### INFORMATION SHOWN
========

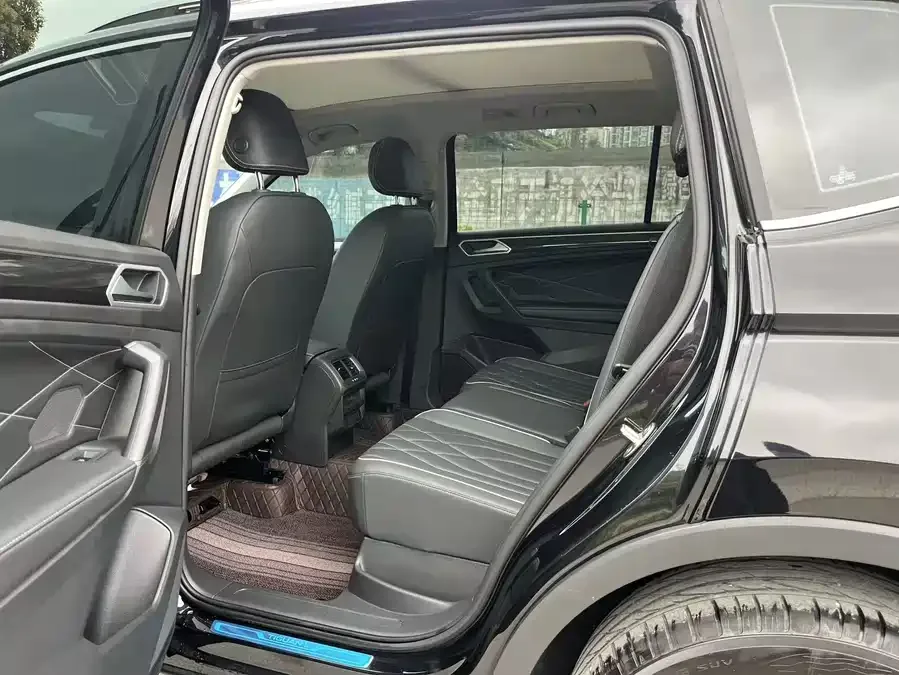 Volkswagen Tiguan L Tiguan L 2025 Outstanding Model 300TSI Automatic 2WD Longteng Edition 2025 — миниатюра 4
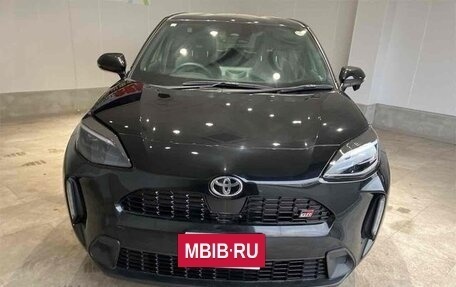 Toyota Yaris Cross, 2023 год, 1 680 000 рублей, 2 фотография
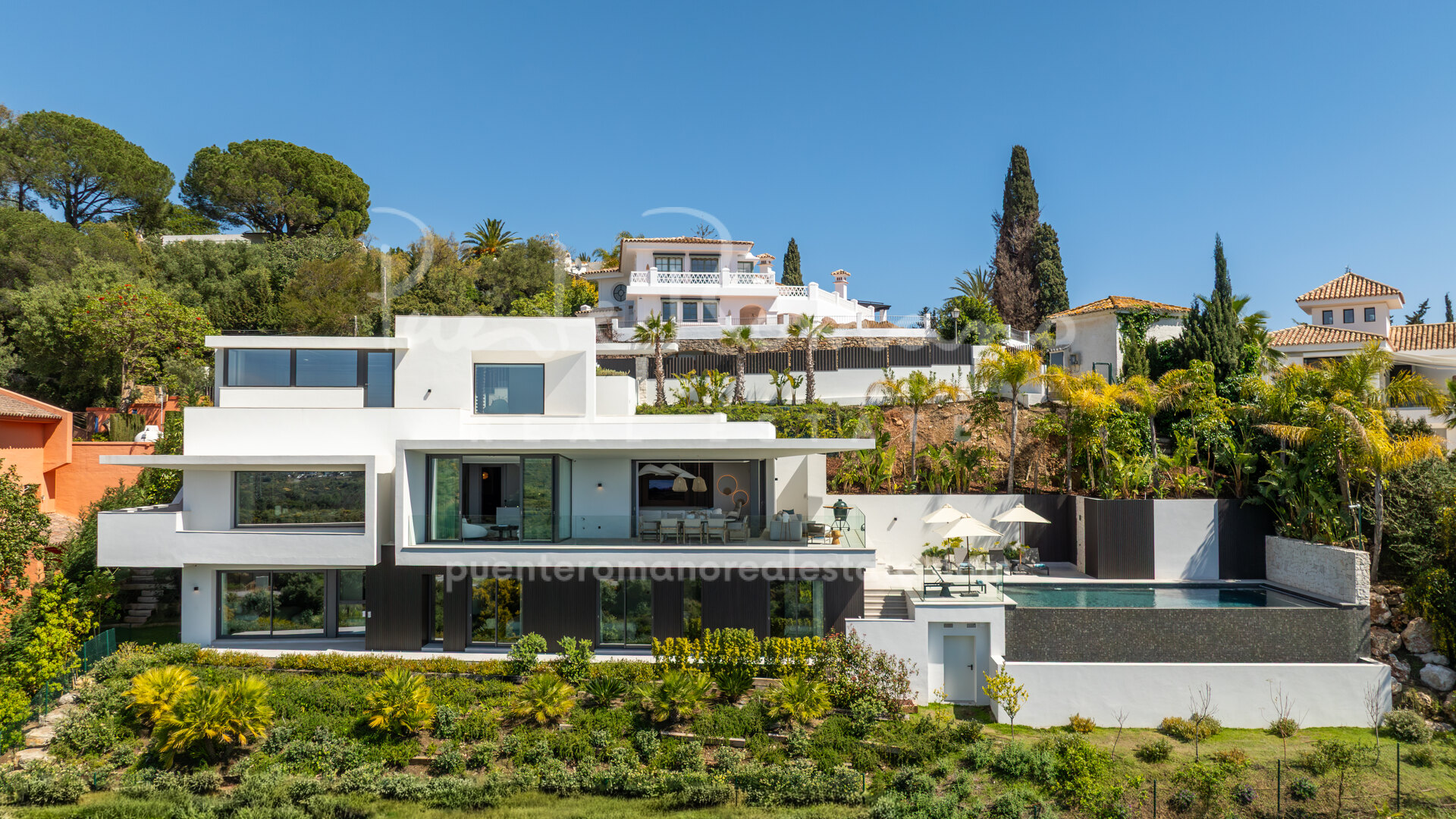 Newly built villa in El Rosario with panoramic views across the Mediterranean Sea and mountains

========

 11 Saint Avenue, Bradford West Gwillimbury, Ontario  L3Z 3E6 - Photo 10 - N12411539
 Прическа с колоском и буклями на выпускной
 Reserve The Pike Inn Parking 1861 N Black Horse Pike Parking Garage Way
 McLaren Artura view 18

========

### INSTRUCTIONS FOR THE TASK
From the records above, copy exactly the stretch from the line holding "Volkswagen Tiguan L" through the line holding "Toyota Yaris Cross, 2023", both ends included, without the pictures.

### YOUR RESPONSE
 Volkswagen Tiguan L Tiguan L 2025 Outstanding Model 300TSI Automatic 2WD Longteng Edition 2025 — миниатюра 4
 Toyota Yaris Cross, 2023 год, 1 680 000 рублей, 2 фотография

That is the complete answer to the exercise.